Even if you’re not interested in the history, the area is a pleasant one for walking or picnics. The area has been improved over recent years and is now more accessible than ever before. On the southern side of the lake, Dollerup Bakker is a top location for nature walks.
Around 11 miles north of Viborg, Hvolris Jernalderlandsby gives visitors an insight into life in Iron Age Scandinavia. A recreated Iron Age village sits alongside archaeological sites. The site is open year-round but the best time to visit is in July and during the October school vacation when actors bring the stories to life.
World’s largest minestone mine
Mønsted Kalkgruber is the world’s largest limestone mine. Just 10 miles west of Viborg, a trip here is a must for anyone with even a passing interest in geology. Around 2.5 miles of paths are open to guests, some of which are illuminated while others require a flashlight.

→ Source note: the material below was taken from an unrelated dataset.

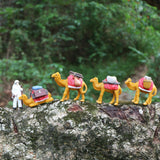 Maxbell 5 Pieces Cute Resin Camel Figurines Statues Landscape Desktop Decor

Experience underground lakes, streams and the habitat of several species of bat. A film about the pits plays on a screen by the largest lake. Above ground, the old limestone factory and museum tell the story of the mines and the lives of both the miners and the bats. Booking a ticket online in advance is a must.
How to get to Viborg
Viborg is within a few hours’ driving time of the ferries that call at the northern end of Denmark’s Jutland peninsula. These include ferries from Gothenburg in Sweden, Oslo, Kristiansand and Narvik in Norway, and the long-distance service to the Faroe Islands and Iceland.
By train, Viborg can be reached in a little over 4 hours from Copenhagen with a change of train required at Aarhus.
By air, travelers can choose to fly into Copenhagen and take the train from there or take a connecting flight to Aarhus airport. From Aarhus, Viborg is about 1.5 hours by car. At the time of writing, there are very few international flights into Aarhus, although Ryanair does fly there directly from London-Stansted.